Moorer’s mother, Lynn — who had recently moved out of the family trailer to a new house with her two daughters — eventually took the phone off the hook. Lynn’s friend, Carolyn, decided to stay over, taking Moorer’s bed and displacing her to the living room floor.
“She was afraid,” singer-songwriter Moorer tells The Post from Nashville, Tennessee. “She was afraid of what Daddy might do.”
It was around 3 a.m. on Aug. 12, 1986, when Moorer, then 14, first awoke. She saw her father in the kitchen with her mother, but didn’t think anything of it. She fell back asleep.
About two hours later, she woke up again to a gunshot outside the house.
A count of four.
Moorer didn’t move, even though she immediately recognized the sounds.
“I tried to talk myself out of knowing [what they were],” she says.
She stood up and walked to the door that opened from the kitchen to the carport outside.
“Mama?,” she called into the dark. No answer.
Eyes forward, she saw nothing. But something inside her told her not to glance left — not to look and see the bodies that laid there as proof that her father had shot and killed her mother and then killed himself. Franklin was 44, Lynn, 41.
Orphaned, Moorer and her older sister moved in with their mother’s sister, Jane, and her family in Monroeville, Alabama.
With 10 albums under her belt since her debut in 1998, Moorer is perhaps best known for the single “A Soft Place To Fall” from the Robert Redford film “The Horse Whisperer,” which earned her an Oscar nomination. Her big sister, Shelby Lynne, is also a musician, and won the Grammy for Best New Artist in 2001.
For two decades, Moorer has danced around publicly telling the gut-wrenching story of her parents in full. But in a 2010 conversation with Maya Angelou, the poet asked her what she would one day say about her devastating history to her son John Henry, to whom she had just given birth.
“And I did not have an answer for that. So I started thinking about, ‘Well, what am I going to tell him?,’ ” says Moorer. “It came to me that I should probably start writing this all down … I figured out pretty quickly that I needed to just tell the truth about what happened.”

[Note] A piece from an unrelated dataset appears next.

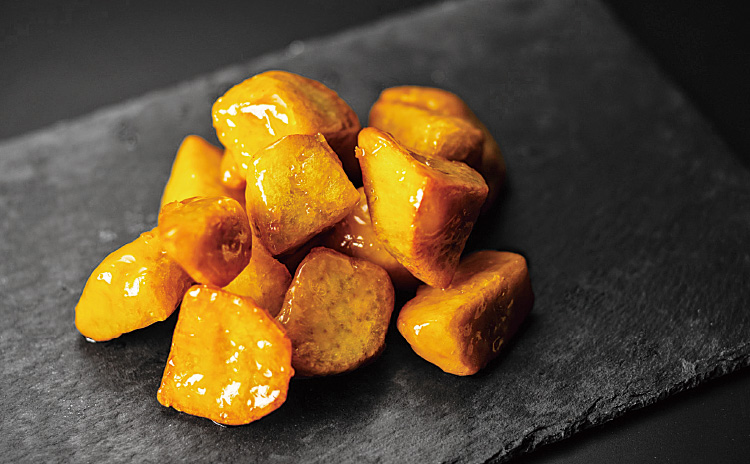 大学芋/1パック・594円から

What happened is nothing short of a horror story.
“I don’t think I ever thought ‘my normal’ was really normal,” she says.

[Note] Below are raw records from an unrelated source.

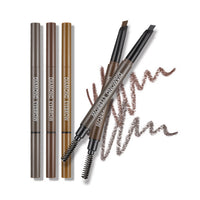 Ceja de diamantes rire 0.35g 3 colores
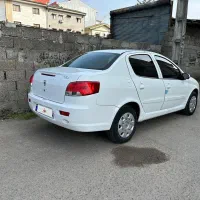 رانا پلاس ۱۴۰۳ ارتقا یافته|خودرو سواری و وانت|رشت, نخودچر|دیوار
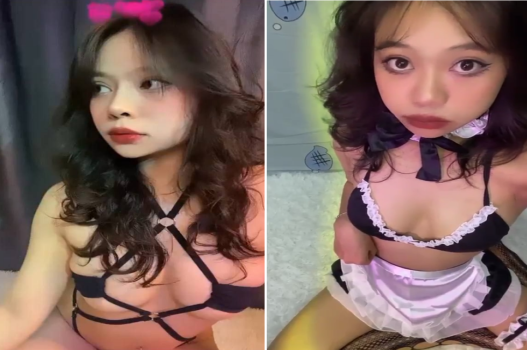 Hầu gái dâm bú chim sếp từ A tới Z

She suspects her father — who last worked at a vocational school — was mentally ill and knows he was an alcoholic. She remembers living in fear of what the Budweiser and Jim Beam would lead him to do next. Often, he was physically abusive, she says: She witnessed him hit her sister and her mother in their faces and beat on animals. Moorer herself was spared from this physical wrath, in part because her mother and sister were looking out for her.
“They protected me,” she says, “and I knew how to stay out of the way.”
Moorer has also grappled with why her mother, “a wonderful, light spirit,” was unable to fully leave her father.
“What I did not know at the time was how much she was struggling over what she could do to help the situation,” she says. “He threatened her with the fact that if she did leave, he would kill us all . . . This was a no-win situation and a tragedy waiting to happen.”
In May of this year, Moorer moved from Chelsea in New York City to Nashville, where she lives with her third husband, singer-songwriter Hayes Carll, and her 9-year-old John Henry, whose father is the musician Steve Earle, her ex-husband.
Well into her own parenting journey and 33 years after her own parents’ death, the tragedy still hits Moorer hard.
“There’s so much shame that comes with a thing like this,” she says. “I’ve had to come to terms with the fact that my father murdered my mother. My father is a murderer. That is not all he is, but that is something that he did.”
Moorer hopes her book will aid those struggling with their own disturbing stories. She says the book’s already done just that for her sister, who wrote the memoir’s foreword.
“She did not necessarily realize her own trauma, but through my recounting of what we went through, she has been able to say, ‘Oh, my God, that really happened. That really happened to me,’ ” says Moorer.
“She tells me it has helped her,” she says. “I can’t ask for more reward than that.”